Extracted information:
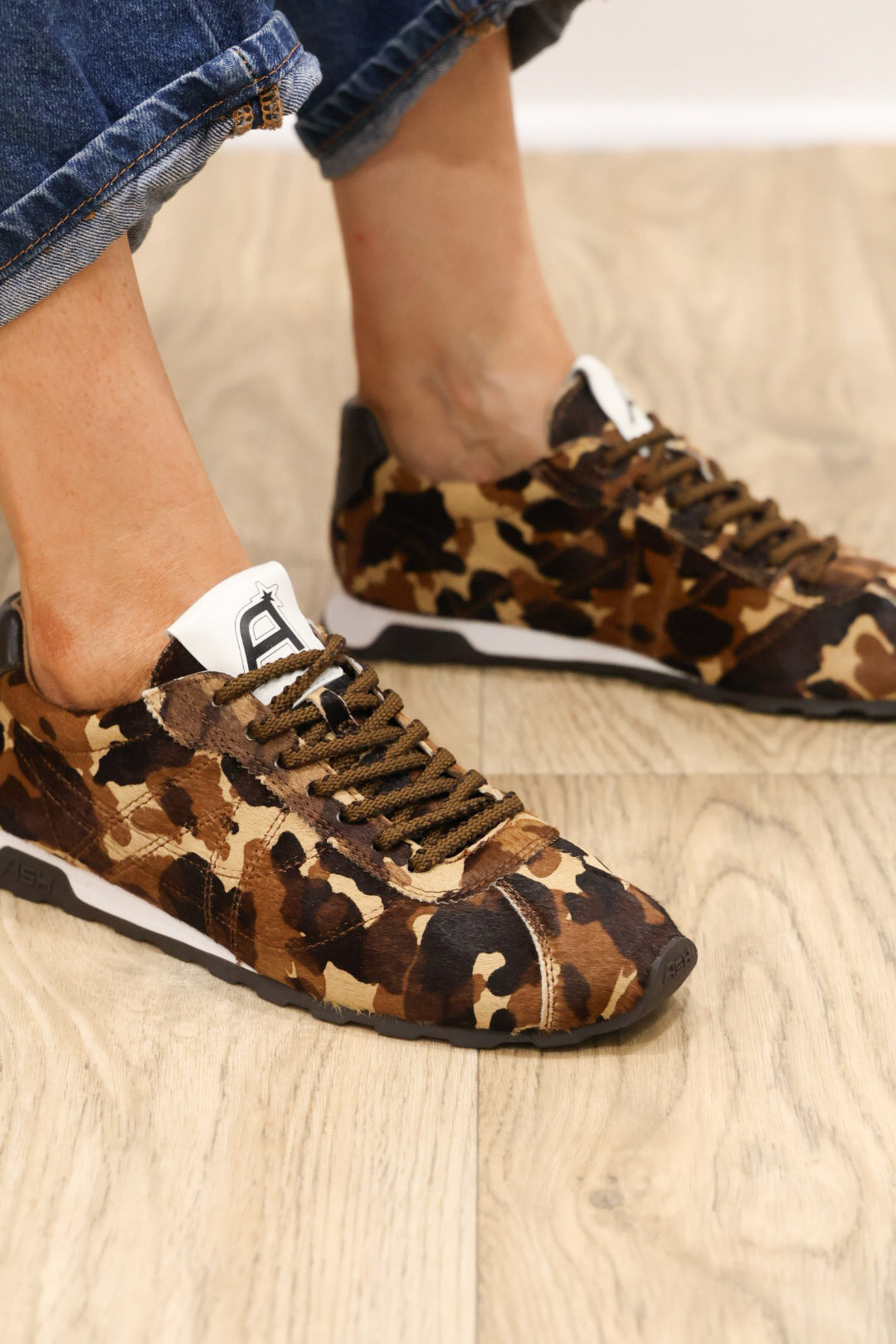 Ash - Kill Bill Brown Print Trainer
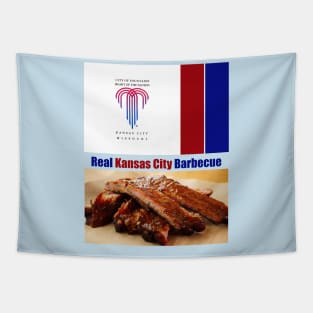 Real Kansas City Barbecue Tapestry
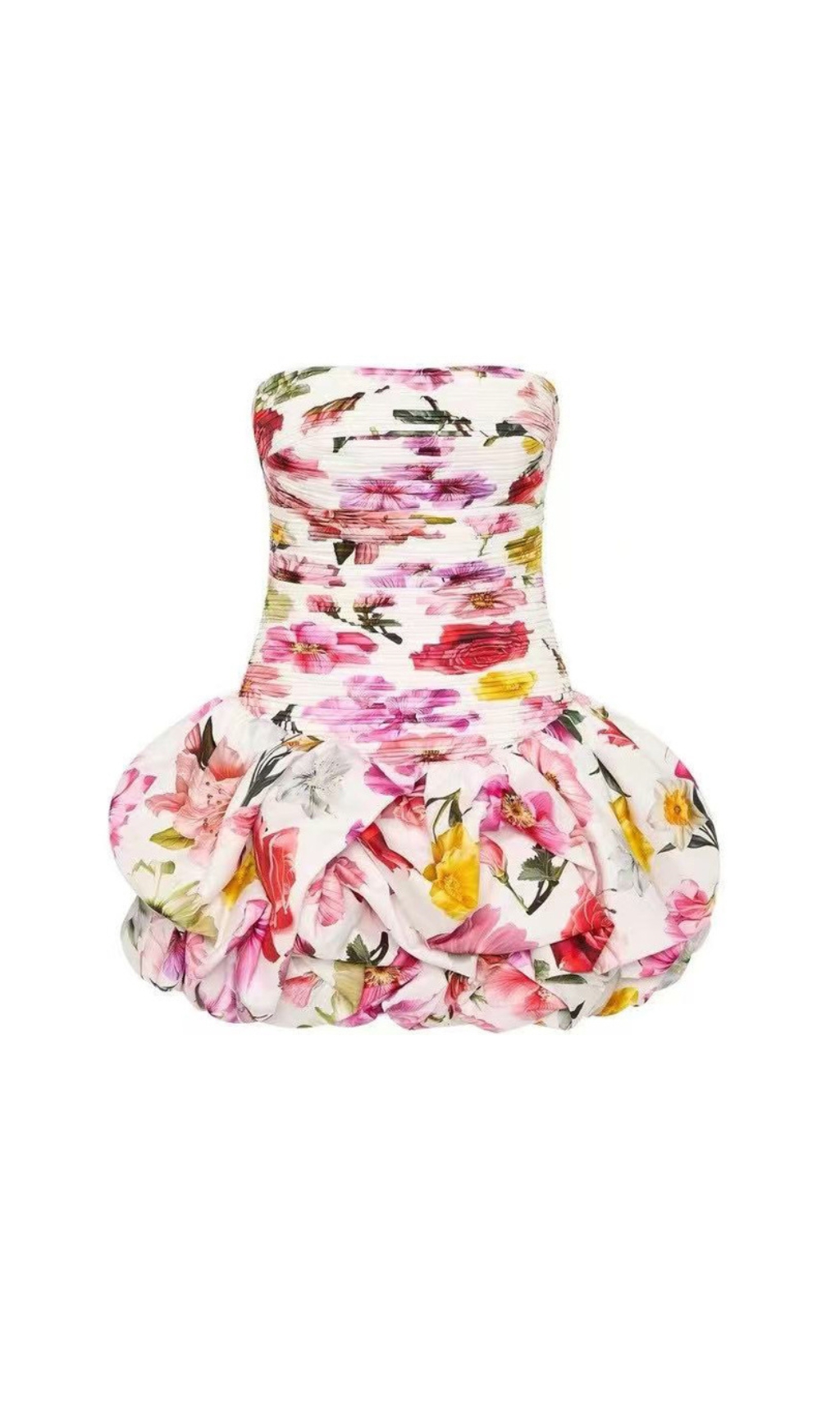 3c220a94657e13e1888a381c2f48c96b.jpg Fashionslee Women Ellen Strapless Printed Mini Dress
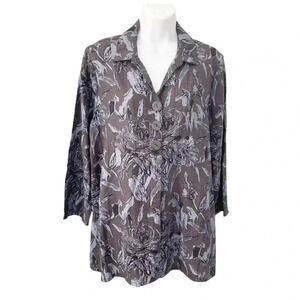 Habitat Clothes to Live In Linen Blend Tunic Top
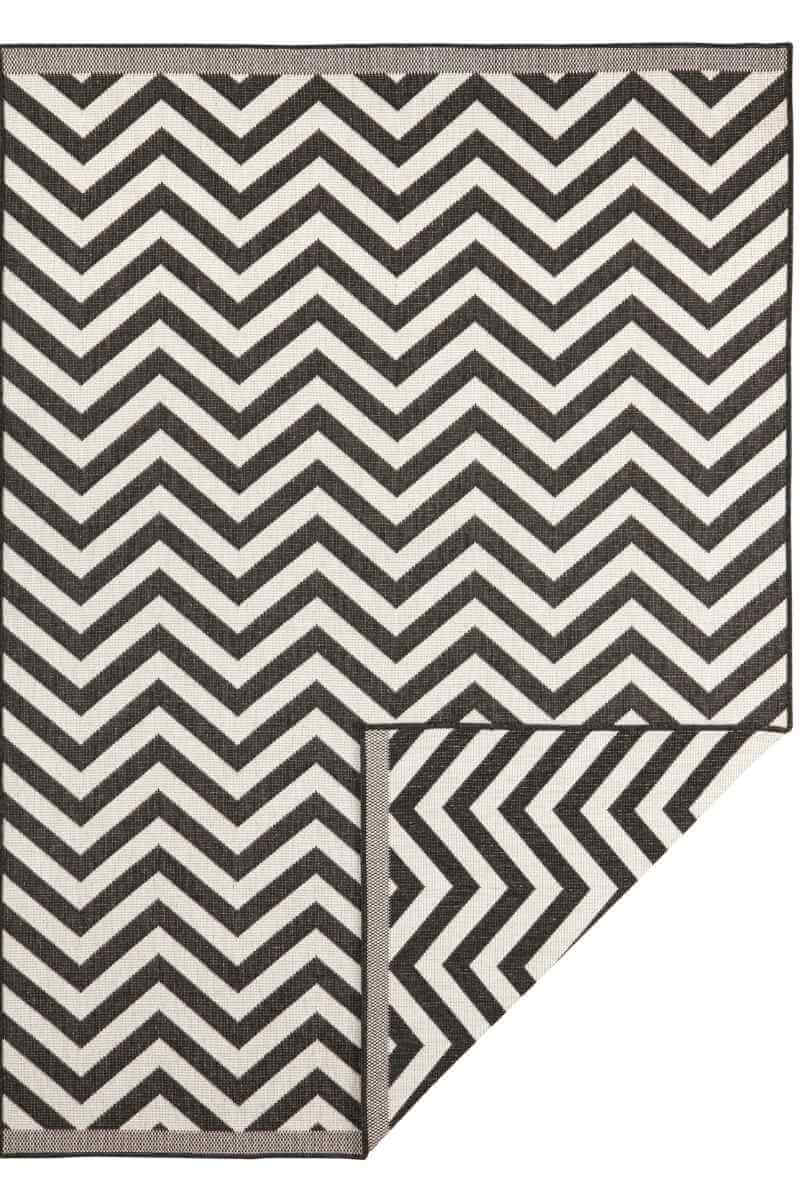 The Rugs Palma Reversible Indoor-Outdoor Rug |Chevron Design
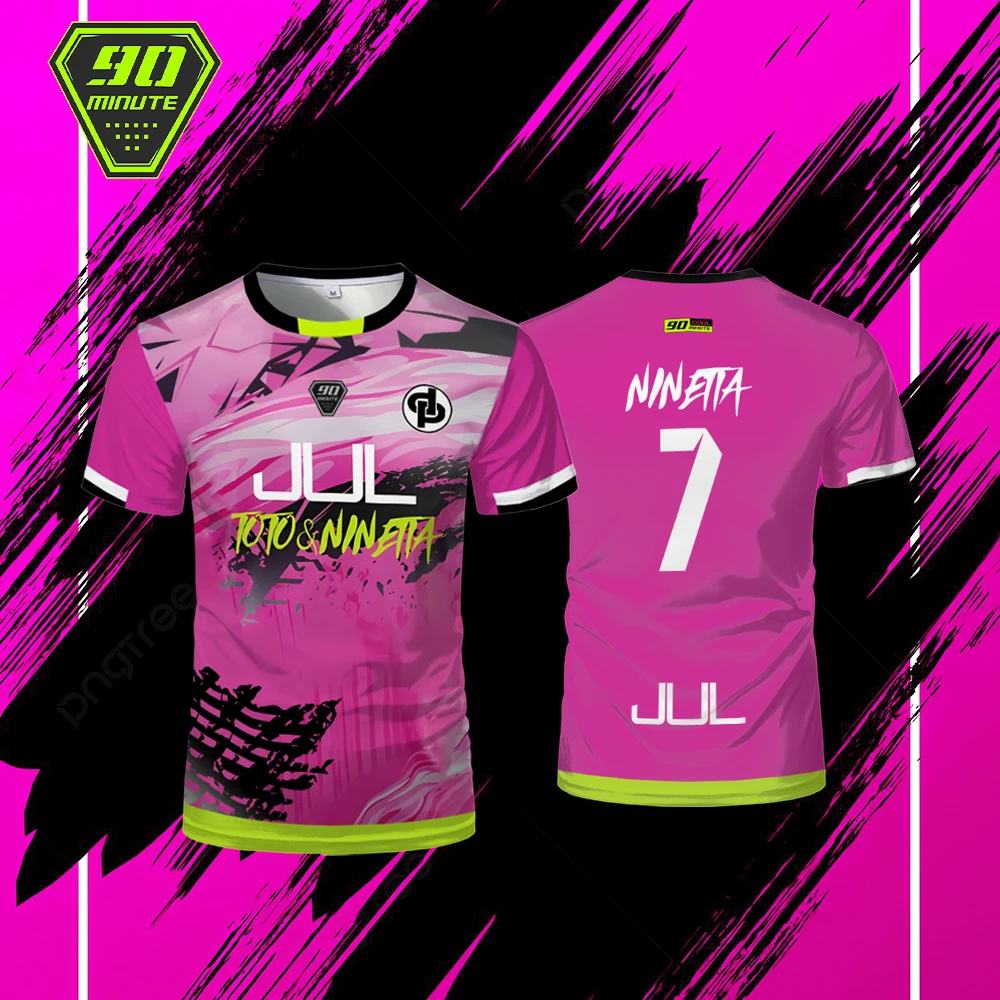 Camiseta de verano Maollot Jul, Camiseta deportiva de 90 minutos transpirable al aire libre, camiseta de fútbol de secado rápido para hombre, compra de Tops personalizados - Imagen 3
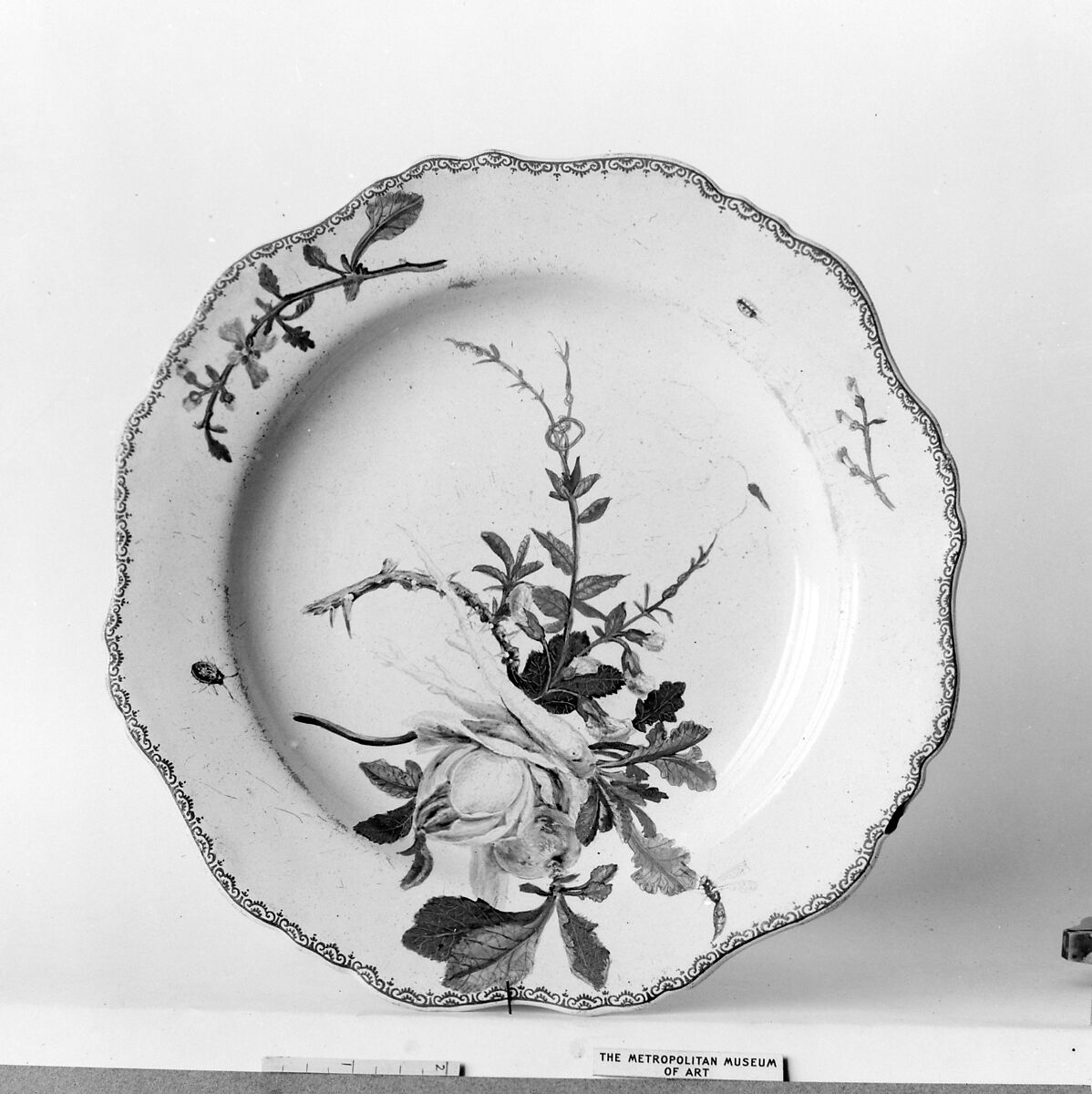 Plate, Faience (tin-glazed earthenware), French, Marseilles 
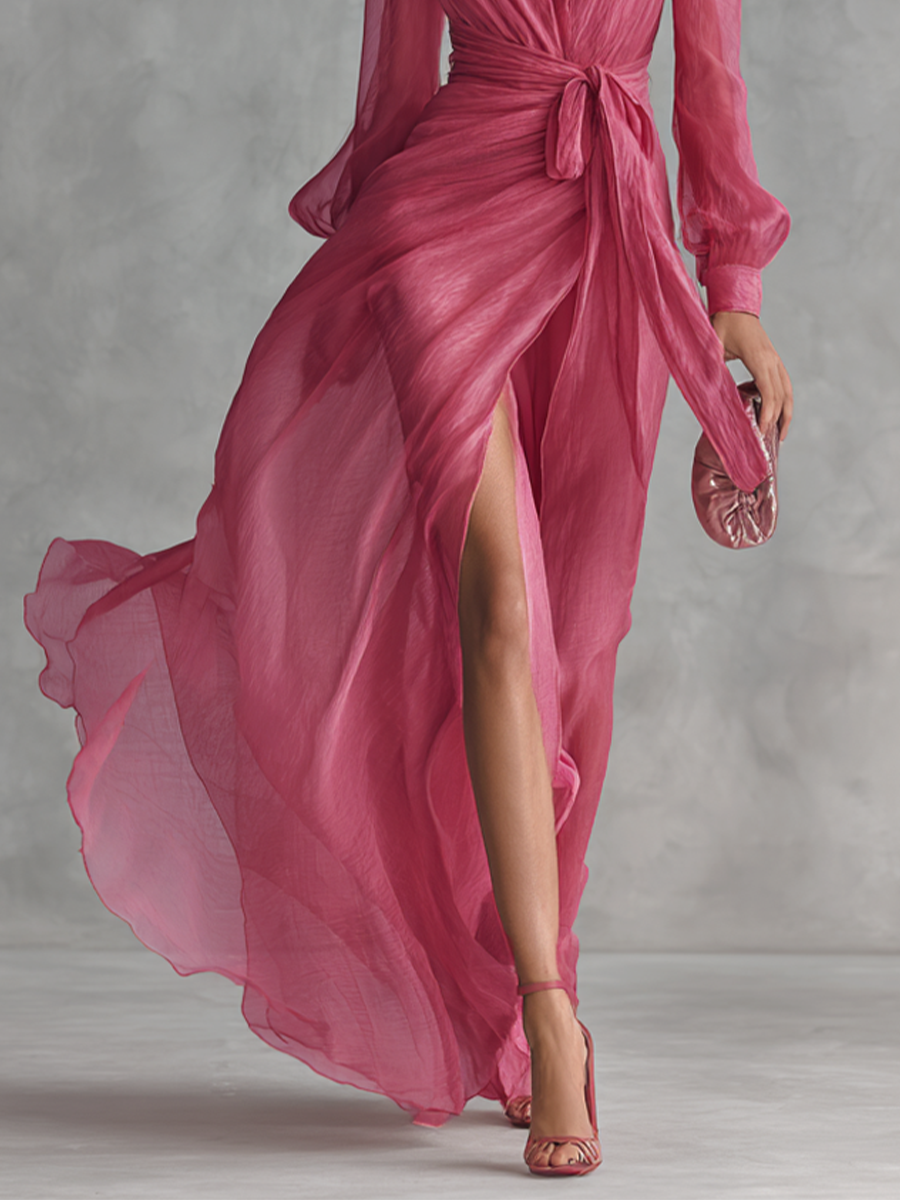 Vivian | Chiffon Maxi Dress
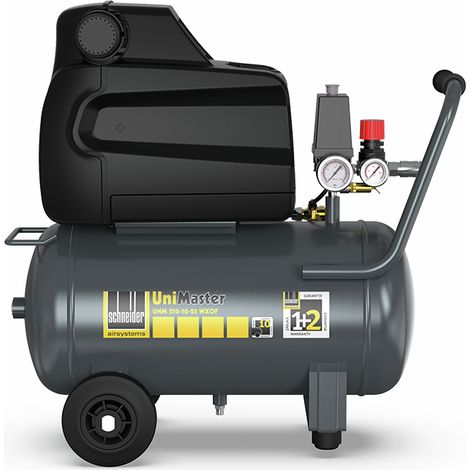 Compresor schneider un210-10-25 wxof sin aceite ruedas grandes (1/3)
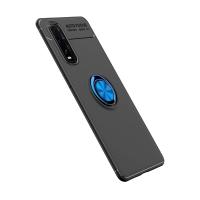 Newface Oppo Find X2 Kılıf Range Yüzüklü Silikon - Siyah-Mavi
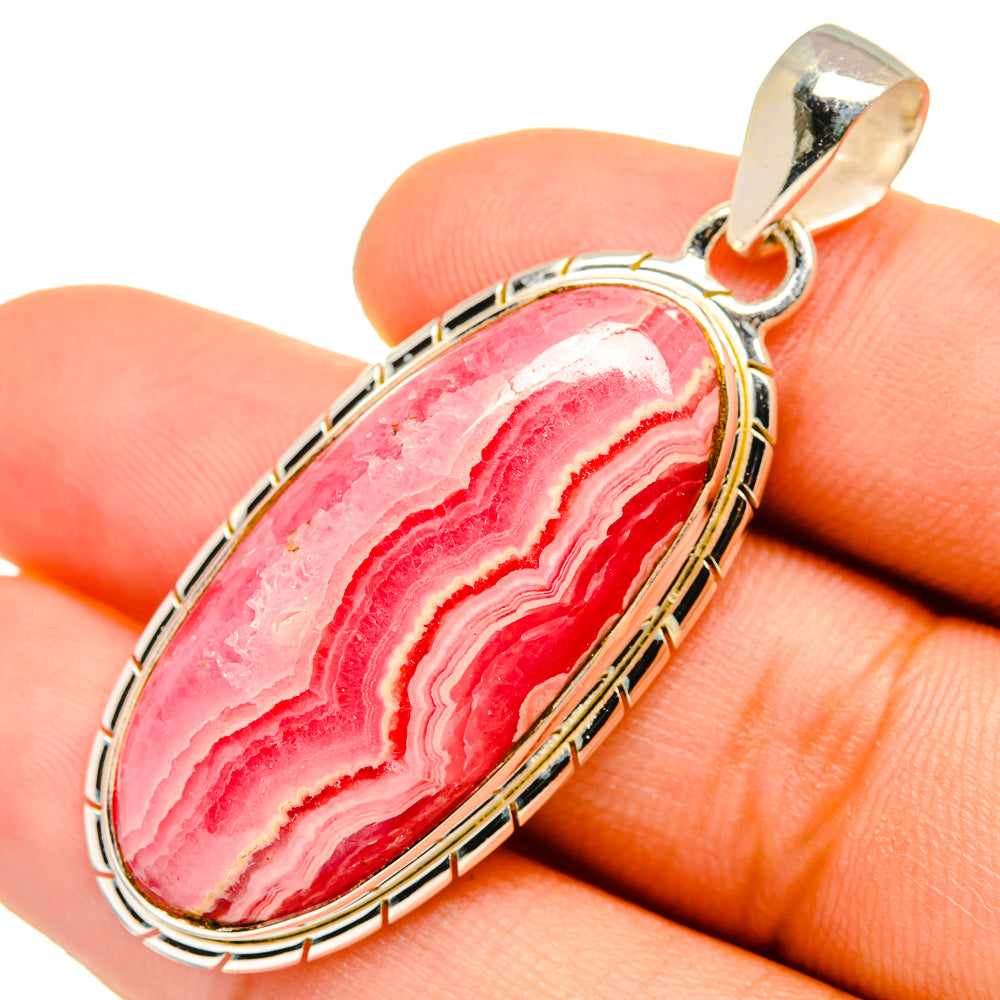 Rhodochrosite Pendants handcrafted by Ana Silver Co - PD9976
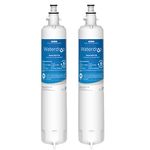 Waterdrop RPWFE (Built-in CHIP) Refrigerator Water Filter, Replacement for GE® RPWFE, RPWF, GFE28GYNFS, GFE28GELDS, PFE28KELDS, PFE28KYNFS, GFD28GELDS, PWE23KELDS, PWE23KMKES, GYE22GYNFS, 2 Filters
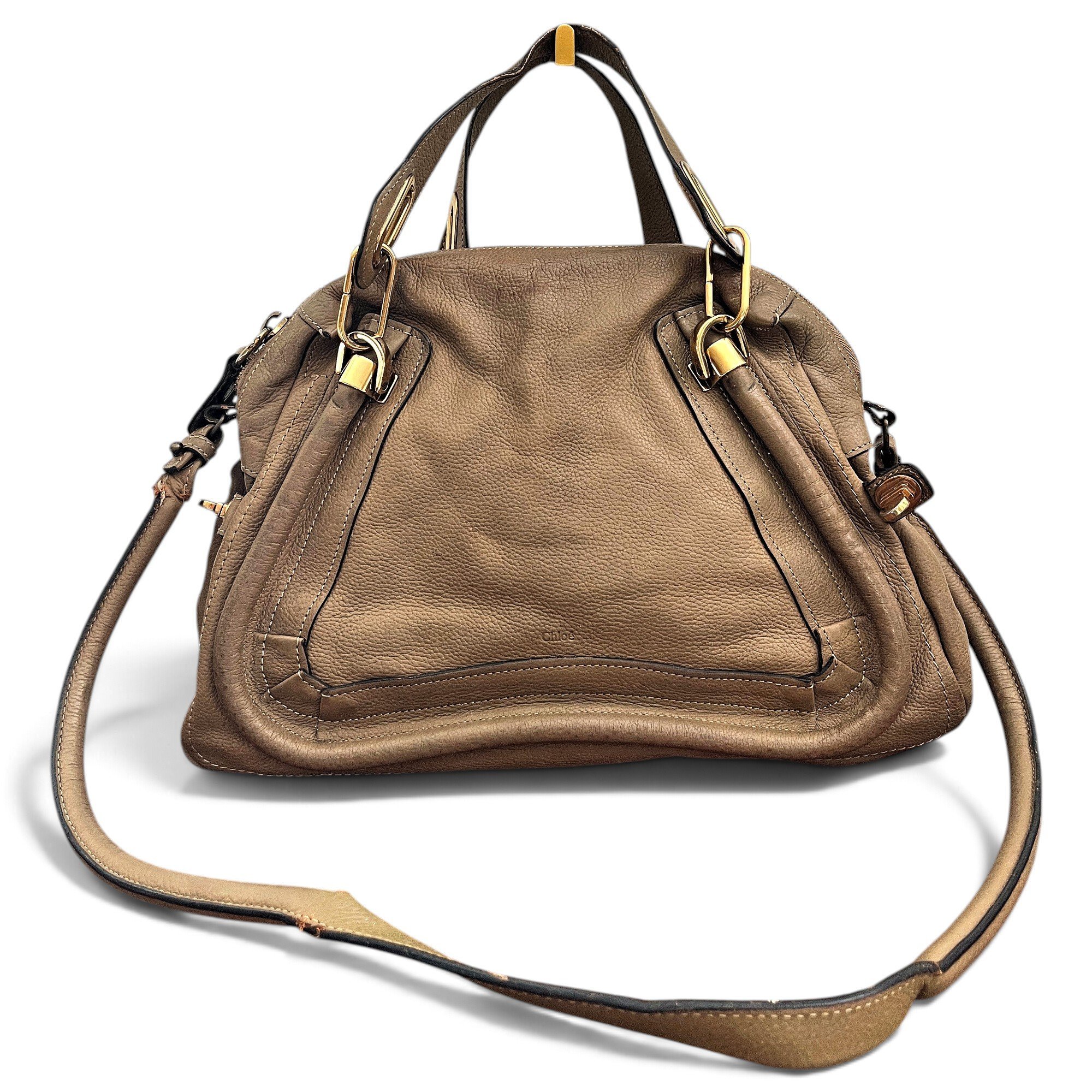 Paraty leather satchel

Exercise objective: Quote the material in full and exactly; do not carry over its pictures.

Exercise solution:
 Ash - Kill Bill Brown Print Trainer
 Real Kansas City Barbecue Tapestry
 3c220a94657e13e1888a381c2f48c96b.jpg Fashionslee Women Ellen Strapless Printed Mini Dress
 Habitat Clothes to Live In Linen Blend Tunic Top
 The Rugs Palma Reversible Indoor-Outdoor Rug |Chevron Design
 Camiseta de verano Maollot Jul, Camiseta deportiva de 90 minutos transpirable al aire libre, camiseta de fútbol de secado rápido para hombre, compra de Tops personalizados - Imagen 3
 Plate, Faience (tin-glazed earthenware), French, Marseilles 
 Vivian | Chiffon Maxi Dress
 Compresor schneider un210-10-25 wxof sin aceite ruedas grandes (1/3)
 Newface Oppo Find X2 Kılıf Range Yüzüklü Silikon - Siyah-Mavi
 Rhodochrosite Pendants handcrafted by Ana Silver Co - PD9976
 Waterdrop RPWFE (Built-in CHIP) Refrigerator Water Filter, Replacement for GE® RPWFE, RPWF, GFE28GYNFS, GFE28GELDS, PFE28KELDS, PFE28KYNFS, GFD28GELDS, PWE23KELDS, PWE23KMKES, GYE22GYNFS, 2 Filters
 Paraty leather satchel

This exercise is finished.